The ideal carbon tax would be economy-wide, and have three further key features. 

  • The price of emissions would start considerably higher than in most current carbon pricing schemes, and increase over time in a carefully calibrated way.[8]  
  • To ensure popular support, government would pay back some or all of the tax receipts in the form of a “carbon dividend” in a fiscally redistributive way.[9]
  • To make it possible to start with a national, rather than a global version of the tax, and to avoid exporting the taxing country’s emissions to countries without a carbon tax, it would be necessary to charge a “border carbon adjustment” tariff on goods imported from jurisdictions with no equivalent tax.

Such an approach has plenty of heavyweight intellectual support.

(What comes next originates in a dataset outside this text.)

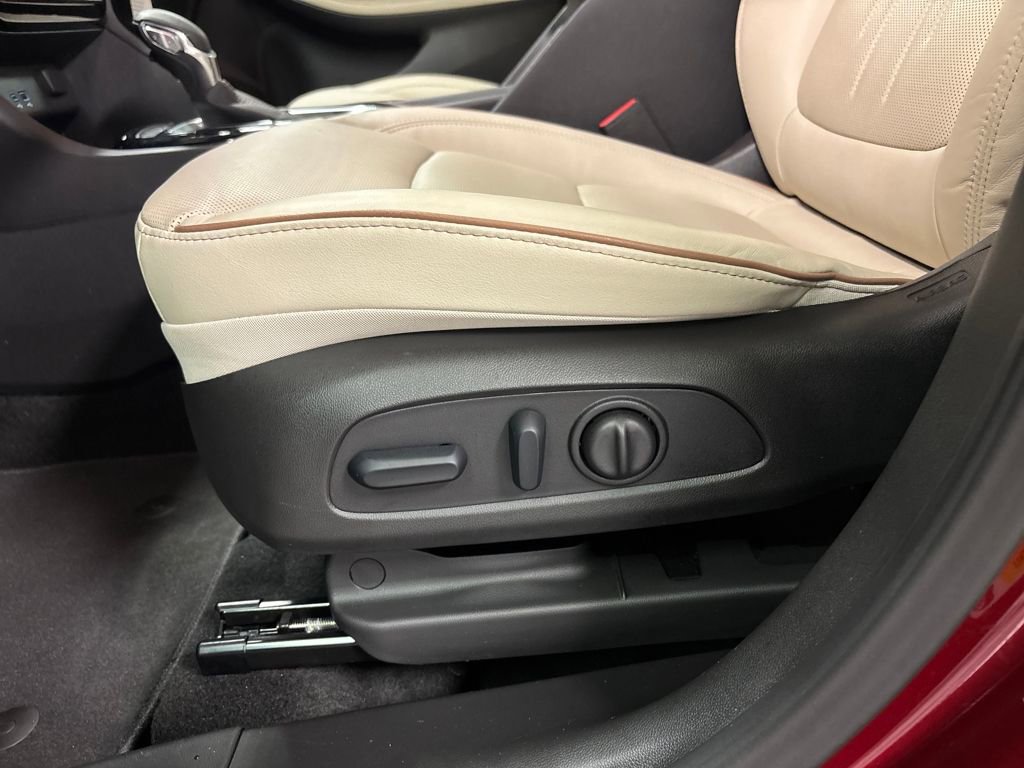 Certified 2025 Buick Encore GX Avenir w/ Avenir Technology Package image 24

  • Just over a year ago, the Wall Street Journal carried a self-styled “largest public statement of economists in history” in which no fewer than 3,558 US economists espoused something along these lines that was proposed from a US perspective. This is the “Baker-Schultz” plan, re-branded in February 2020 as the “Bipartisan Climate Roadmap”.[10]
  • In October 2017, leading UK regulatory economist Dieter Helm put a carbon tax at the heart of his report to the UK government on how to address the rising cost of energy in the context of its climate change policy goals.[11]
  • In July 2018, the UK think tank Policy Exchange produced The Future of Carbon Pricing: Implementing an independent carbon tax with dividends in the UK, with a foreword jointly authored by a former Labour Chancellor of the Exchequer and a former Conservative Foreign Secretary.[12]

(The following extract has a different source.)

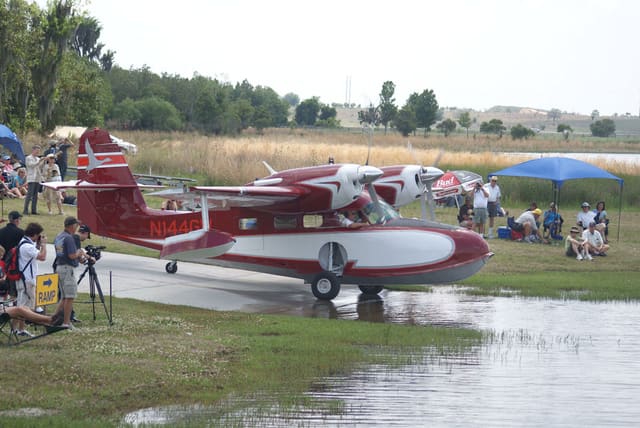 N144GW - Twin-engine aircraft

Of course, any attempt to implement such a tax would need to address a great many issues, both in terms of high level design and practicalities.

  • Do you just tax fossil fuels, or do you also tax products in whose manufacture fossil fuels have been consumed? In the case of fossil fuels, at what point(s) in the chain between the upstream producer and the final downstream user should the tax be levied? For example, you could impose a tax on upstream hydrocarbon producers or refinery operators that was based just on the emissions from their activities, rather than from the presumed activities of end-users of refined petroleum products, such as electricity generators or motorists.
  • At whatever point(s) a tax is applied, at what rate should it be levied? What assumptions about the emissions intensity of downstream processing and/or use should underpin the calculation of that rate? How do you ensure that the imposition of the tax, and any increase in the rate, has the desired effect of incentivising changes in behaviour (i.e. shifts to lower carbon technology)? Will taxing the ultimate consumer more heavily incentivise the upstream or midstream operator to reduce emissions from flaring or fugitive methane? If I fill up my car with fuel from a retailer who promises to offset the emissions that my driving will cause, should I get a rebate on the tax element of my purchase?
  • Tax law has a natural tendency to become complicated. Take for example the Climate Change Levy (CCL) legislation, that supplements the EU ETS in UK domestic law. In outline, this is quite a simple scheme: electricity and certain fossil fuels are “taxable commodities” and a levy is charged on “taxable supplies” of them. But quite quickly, the desire to incentivise, protect, or discourage particular activities turns the scheme into an abstruse and intricate mesh of exemptions, exclusions, and exceptions from exemptions or exclusions.
  • Both fossil fuels and products manufactured using them are traded internationally, but carbon taxing is currently national (or in the case of the EU ETS, regional), and is likely to remain so for the foreseeable future. In order to encourage other countries to adopt similar regimes, and to stop its domestic industry being undercut until they have done so, a taxing country will want to impose a carbon border adjustment on imports. This may involve charging tax at a point further down the value chain than would be the case with domestic industry. For example: you apply a domestic carbon tax on electricity, which increases the costs of aluminium smelters, so you need to apply the carbon border adjustment to imports of aluminium from a country that does not levy a similar carbon tax on electricity or aluminium production.
  • But suppose there are two aluminium producers in the aluminium exporting country: one powered entirely by renewable energy, and the other by a coal-fired power station. And suppose that some of the aluminium that reaches the aluminium importing country arrives in the form of finished products. If two identical stepladders are imported, one made of “brown” aluminium and the other of “green” aluminium, the tariff charged on the latter should be lower.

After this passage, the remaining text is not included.